After watching Nokia’s(s nok) sometimes painful transition from smartphone sales leader to laggard, it’s easy to overlook the company’s software and services. So if you haven’t been paying attention, you might have missed some of the company’s hits such as Nokia Here and, more recently, Nokia MixRadio.
The music streaming service just added the 30 millionth track to its catalog, which surprisingly beats out most other competing services. Spotify, which just announced a half-price Premium plan for college students, tops out around 20 million tunes, for example. Rdio has an amount similar to Spotify, while Rhapsody touts 16 million, or slightly more than half that of MixRadio. (Note: Rhapsody representatives reached out to me saying the service has 32 million tracks, although the company’s About page shows 16 million.)

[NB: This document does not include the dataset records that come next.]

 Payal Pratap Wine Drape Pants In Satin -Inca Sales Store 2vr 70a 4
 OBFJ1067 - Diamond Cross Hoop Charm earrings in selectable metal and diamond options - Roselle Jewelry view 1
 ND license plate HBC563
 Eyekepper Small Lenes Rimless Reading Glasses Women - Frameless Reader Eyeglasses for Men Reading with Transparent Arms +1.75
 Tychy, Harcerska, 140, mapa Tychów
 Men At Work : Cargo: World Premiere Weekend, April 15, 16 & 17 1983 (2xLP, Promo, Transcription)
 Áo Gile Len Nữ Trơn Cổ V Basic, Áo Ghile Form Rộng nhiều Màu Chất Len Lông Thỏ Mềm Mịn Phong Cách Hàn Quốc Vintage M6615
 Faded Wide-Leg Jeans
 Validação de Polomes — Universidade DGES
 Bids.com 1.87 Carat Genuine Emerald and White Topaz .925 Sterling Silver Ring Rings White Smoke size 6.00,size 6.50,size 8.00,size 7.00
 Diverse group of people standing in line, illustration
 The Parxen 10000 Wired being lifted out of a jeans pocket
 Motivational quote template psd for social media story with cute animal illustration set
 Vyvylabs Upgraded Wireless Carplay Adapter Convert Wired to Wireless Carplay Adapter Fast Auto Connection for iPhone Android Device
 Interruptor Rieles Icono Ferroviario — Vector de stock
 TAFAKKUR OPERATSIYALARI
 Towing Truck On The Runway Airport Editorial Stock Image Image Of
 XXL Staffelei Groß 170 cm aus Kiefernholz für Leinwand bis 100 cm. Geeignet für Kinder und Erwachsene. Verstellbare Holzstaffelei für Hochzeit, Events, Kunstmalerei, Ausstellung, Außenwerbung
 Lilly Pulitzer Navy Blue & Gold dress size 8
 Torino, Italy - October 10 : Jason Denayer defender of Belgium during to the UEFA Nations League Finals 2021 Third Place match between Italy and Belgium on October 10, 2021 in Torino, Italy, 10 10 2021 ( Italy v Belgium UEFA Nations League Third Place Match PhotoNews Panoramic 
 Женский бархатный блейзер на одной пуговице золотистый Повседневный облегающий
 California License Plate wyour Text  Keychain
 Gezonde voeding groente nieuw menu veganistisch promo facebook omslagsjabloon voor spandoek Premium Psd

Catalog size is surely important, but so is availability. Nokia is beating everyone else to the punch when it comes to China, the world’s largest mobile market, with roughly 500 million people already using the mobile web. Hypebot says the service will launch this week in China, marking the 31st country where listeners can tune in.
MixRadio takes an interesting approach: It’s a free music service without ads for Nokia Lumia handsets running Windows Phone. Considering a paid service can easily run $10 a month, that’s a nice value add for the Lumia lineup and one that could help the company sell more handsets in China. By comparison, Apple’s iTunes (S AAPL) Radio is similar but does have occasional ads and is only available in two regions, the U.S. and Australia.
I wouldn’t say that MixRadio alone has significantly boosted Windows Phone sales, but it does offer an advantage. And that could be key in the vast Asia region where no other similar global music services are yet available.